# [Source data]
════════════════════
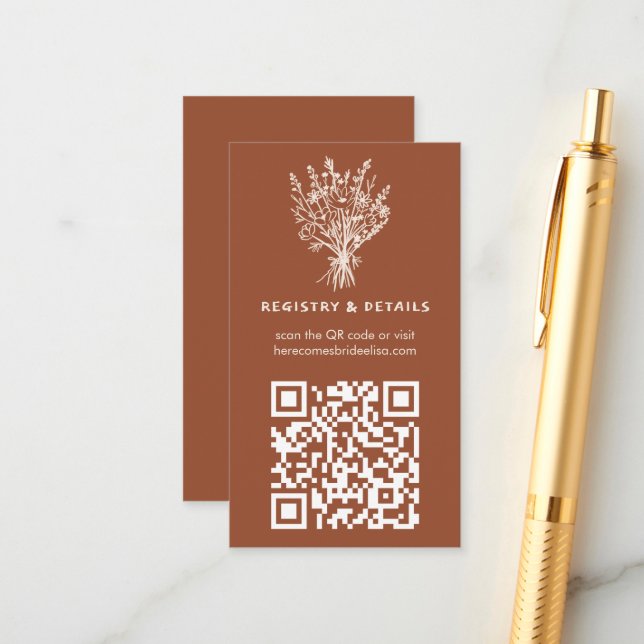 Wildflower Bouquet Whimsical QR Code Rustic Bridal Enclosure Card (Front/Back In Situ)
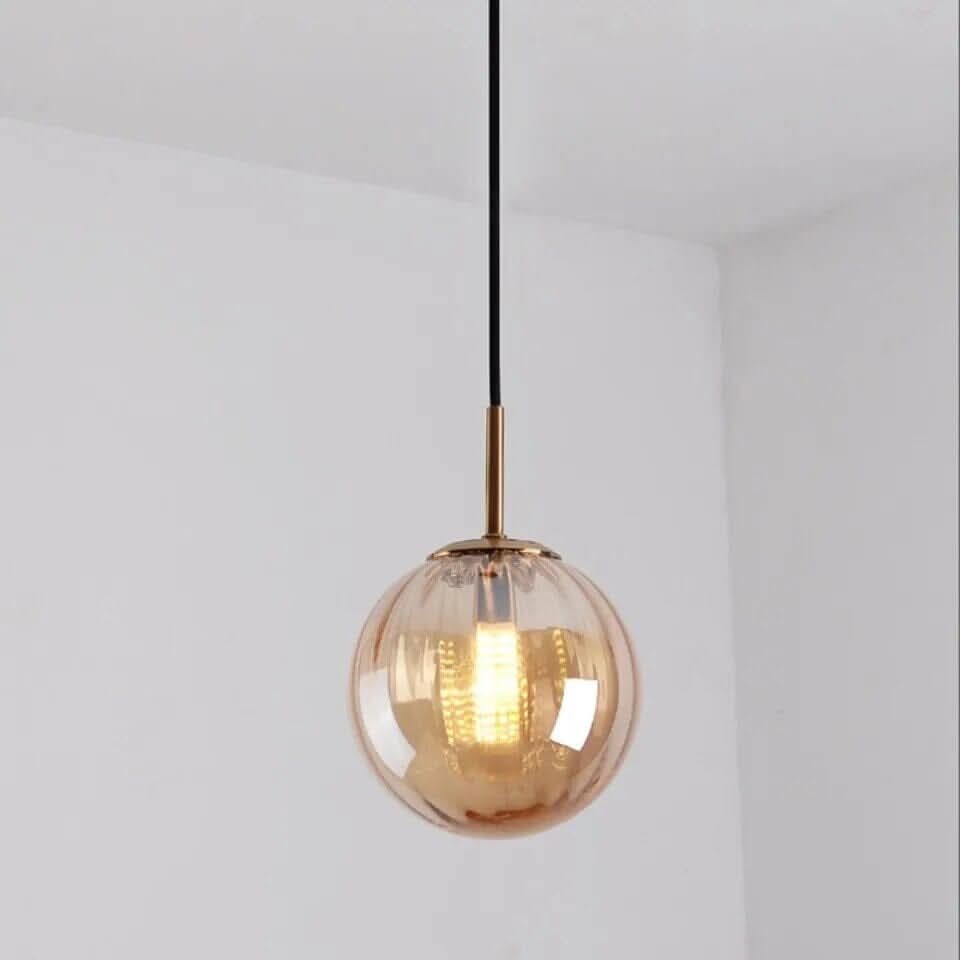 Glazen Hanglamp met Ronde Bolvorm voor Zachte Binnenverlichting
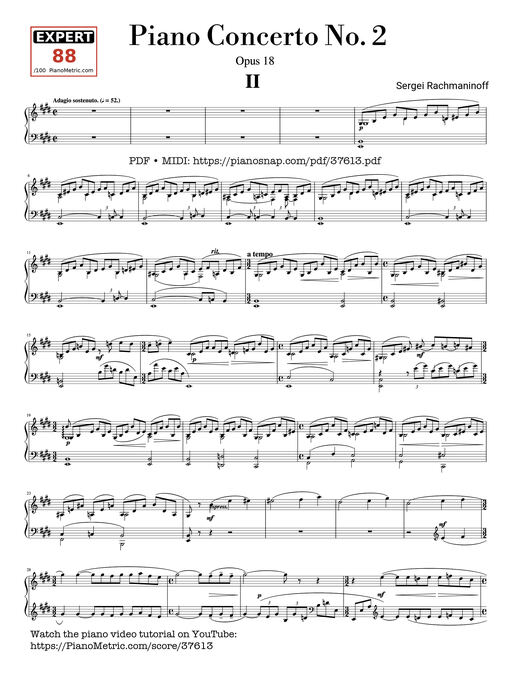 Sheet nhạc PDF bài Piano Concerto No. 2 (Op. 18) - 2nd Movement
════════════════════
Copy out all the data above exactly, minus the images.

# [Written response]
 Wildflower Bouquet Whimsical QR Code Rustic Bridal Enclosure Card (Front/Back In Situ)
 Glazen Hanglamp met Ronde Bolvorm voor Zachte Binnenverlichting
 Sheet nhạc PDF bài Piano Concerto No. 2 (Op. 18) - 2nd Movement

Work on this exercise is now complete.